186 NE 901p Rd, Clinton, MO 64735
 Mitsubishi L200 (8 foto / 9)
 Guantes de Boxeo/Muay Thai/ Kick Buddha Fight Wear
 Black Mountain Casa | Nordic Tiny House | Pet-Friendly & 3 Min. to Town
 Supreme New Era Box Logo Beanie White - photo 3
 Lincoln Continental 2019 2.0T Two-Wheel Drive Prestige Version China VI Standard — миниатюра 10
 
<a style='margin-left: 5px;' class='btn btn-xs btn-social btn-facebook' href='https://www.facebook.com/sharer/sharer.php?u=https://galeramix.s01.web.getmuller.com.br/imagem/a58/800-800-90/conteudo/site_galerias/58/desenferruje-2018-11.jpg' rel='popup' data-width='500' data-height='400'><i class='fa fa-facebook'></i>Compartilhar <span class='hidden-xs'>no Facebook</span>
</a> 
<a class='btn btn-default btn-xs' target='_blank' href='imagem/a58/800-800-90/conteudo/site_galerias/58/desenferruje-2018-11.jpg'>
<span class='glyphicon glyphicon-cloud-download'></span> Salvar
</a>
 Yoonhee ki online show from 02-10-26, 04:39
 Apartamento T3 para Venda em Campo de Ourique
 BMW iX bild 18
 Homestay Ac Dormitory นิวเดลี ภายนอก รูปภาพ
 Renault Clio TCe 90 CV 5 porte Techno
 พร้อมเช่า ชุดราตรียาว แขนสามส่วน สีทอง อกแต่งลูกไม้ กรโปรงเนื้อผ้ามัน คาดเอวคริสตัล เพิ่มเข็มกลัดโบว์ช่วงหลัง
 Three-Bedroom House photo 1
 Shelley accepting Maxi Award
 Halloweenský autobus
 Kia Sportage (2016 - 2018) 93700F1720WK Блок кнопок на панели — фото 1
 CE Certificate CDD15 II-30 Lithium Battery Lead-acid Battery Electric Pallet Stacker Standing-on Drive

§ §

# Exercise brief:
Copy the entries word for word.

# Answer to this problem:
186 NE 901p Rd, Clinton, MO 64735
 Mitsubishi L200 (8 foto / 9)
 Guantes de Boxeo/Muay Thai/ Kick Buddha Fight Wear
 Black Mountain Casa | Nordic Tiny House | Pet-Friendly & 3 Min. to Town
 Supreme New Era Box Logo Beanie White - photo 3
 Lincoln Continental 2019 2.0T Two-Wheel Drive Prestige Version China VI Standard — миниатюра 10
 
<a style='margin-left: 5px;' class='btn btn-xs btn-social btn-facebook' href='https://www.facebook.com/sharer/sharer.php?u=https://galeramix.s01.web.getmuller.com.br/imagem/a58/800-800-90/conteudo/site_galerias/58/desenferruje-2018-11.jpg' rel='popup' data-width='500' data-height='400'><i class='fa fa-facebook'></i>Compartilhar <span class='hidden-xs'>no Facebook</span>
</a> 
<a class='btn btn-default btn-xs' target='_blank' href='imagem/a58/800-800-90/conteudo/site_galerias/58/desenferruje-2018-11.jpg'>
<span class='glyphicon glyphicon-cloud-download'></span> Salvar
</a>
 Yoonhee ki online show from 02-10-26, 04:39
 Apartamento T3 para Venda em Campo de Ourique
 BMW iX bild 18
 Homestay Ac Dormitory นิวเดลี ภายนอก รูปภาพ
 Renault Clio TCe 90 CV 5 porte Techno
 พร้อมเช่า ชุดราตรียาว แขนสามส่วน สีทอง อกแต่งลูกไม้ กรโปรงเนื้อผ้ามัน คาดเอวคริสตัล เพิ่มเข็มกลัดโบว์ช่วงหลัง
 Three-Bedroom House photo 1
 Shelley accepting Maxi Award
 Halloweenský autobus
 Kia Sportage (2016 - 2018) 93700F1720WK Блок кнопок на панели — фото 1
 CE Certificate CDD15 II-30 Lithium Battery Lead-acid Battery Electric Pallet Stacker Standing-on Drive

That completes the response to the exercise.